L'ombre de Blaise serait-elle derrière cette mise momentanée sous éteignoir du CDP ? Difficile d'y repondre de façon tranchée.

Quant à l'ADF, son président Me Gilbert Noël, aux abonnés absents depuis l'autodafé de l'Assemblée nationale le 30 octobre, n'est pas encore remise de ses émotions, et ne sait pas comment son retour sera accueilli. Déjà que se sussurait son remplacement à la tête de "l'éléphant".

Deuzio : le pouvoir actuel ne veut pas d'activités du CDP et de l'ADF/RDA mesures visant à permettre aux autres partis de mener déjà leur précampagne et même leur campagne électorale, si d'aventure cette suspension courrait jusqu'aux élections de 2015. En clair qu'ils soient absents du paysage politique en 2015.

Tertio : c'est carrément un message fort à ces partis pour leur signifier soit de se saborder dans d'autres partis, soit de créer de nouvelles formations, une mort programmée. Quant à la FEDAP/BC, étant rattachée à la personne de Blaise, elle vivotait, il se pourrait qu'à la longue, elle se fonde dans le CDP.

Toujours est-il que si cette suspension est définitive, elle est nocive à notre démocratie, car la pluralité des partis est une des marques de ce mode de gouvernement. Ostraciser des partis politiques pour des raisons politiques ( ?) revient donc à ne pas jouer la démocratie à fond.

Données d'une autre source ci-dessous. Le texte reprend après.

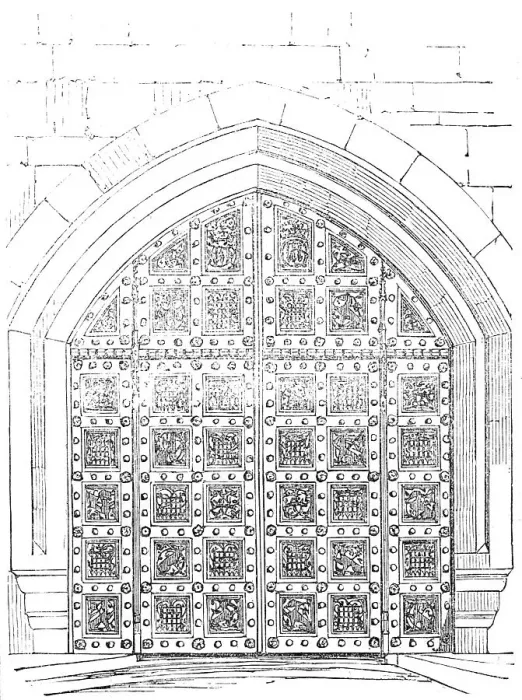 Framed Print : Great Gate, Victoria Tower, leading to the Royal Court, 1856. Creator: Unknown Framed Print : Great Gate, Victoria Tower, leading to the Royal Court, 1856. Creator: Unknown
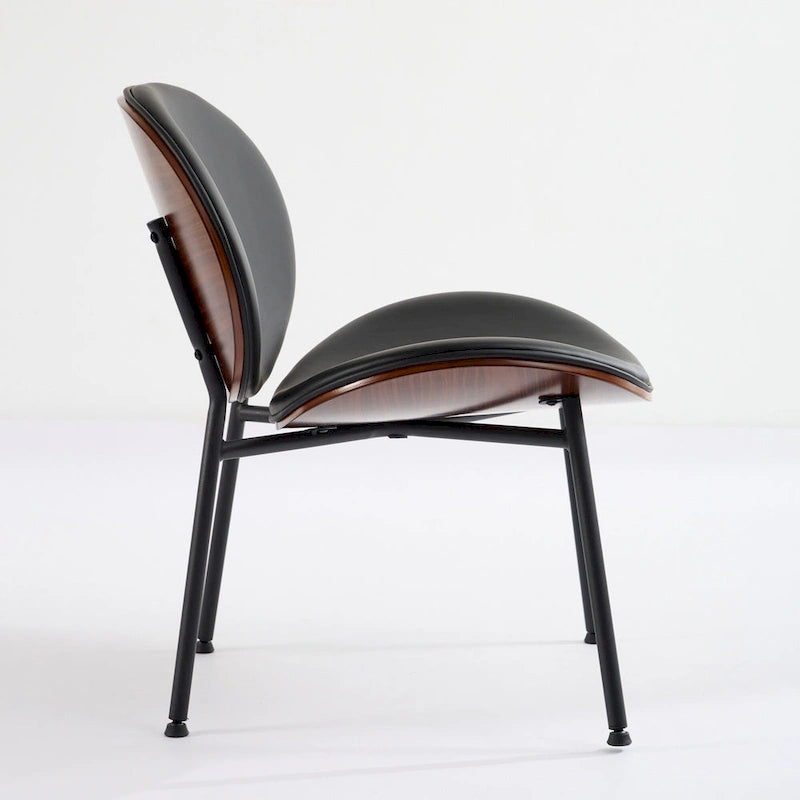 Fauteuil d'appoint en cuir PU vert / orange / noir / rouge haricot, siège unique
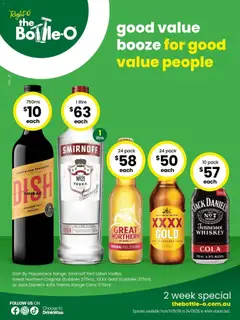 Preview of catalogue Good Value Booze, For Good Value People 11/05 from shop The Bottle-O valid 10/05/2026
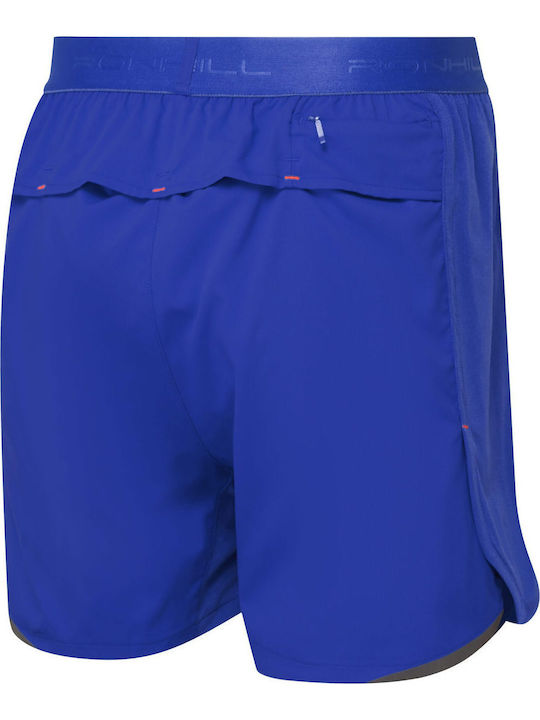 Pantaloni Scurți Sport Bărbați Cobalt/Flacără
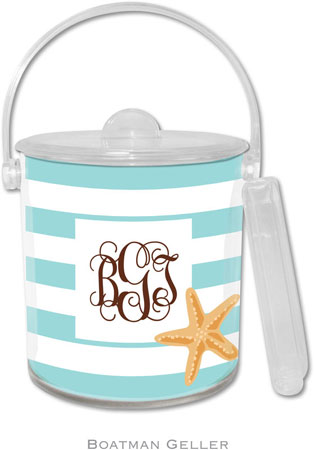 Boatman Geller Lucite Ice Buckets - Stripe Starfish Boatman Geller Lucite Ice Buckets - Stripe Starfish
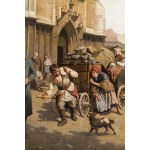 Hipolit Lipinski (1846 Nowy Targ - 1884 Cracow), Rumford soup in front of St. Catherine's Church in Cracow, 1883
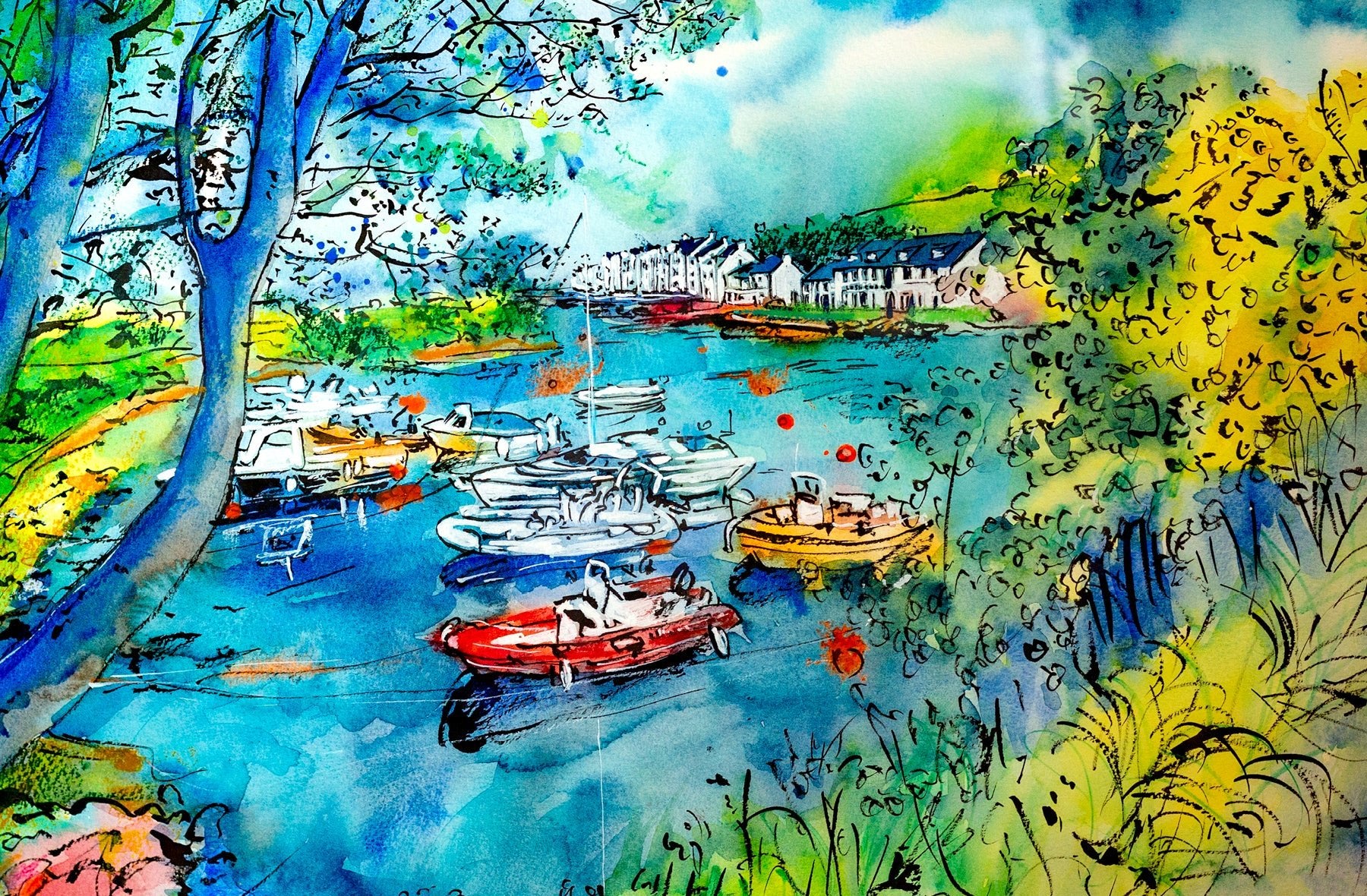 Cushendun Armada (14) - EM Emerson Paintings & Prints - Fine Art Original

Elle pourrait aussi impacter négativement sur la réconciliation, si elle est définitive. Car on ne peut prôner cette paix des cœurs, (même s'il est vrai que certains du CDP n'ont pas été des colombes, mais des boutefeux) en excluant une partie du peuple. Le CDP et dans une moindre mesure l'ADF/RDA ont perdu le pouvoir, mais sont toujours présents, ils ont des militants sincères et ces derniers se sentiront floués de leurs idéaux, si on dissolvait leur parti.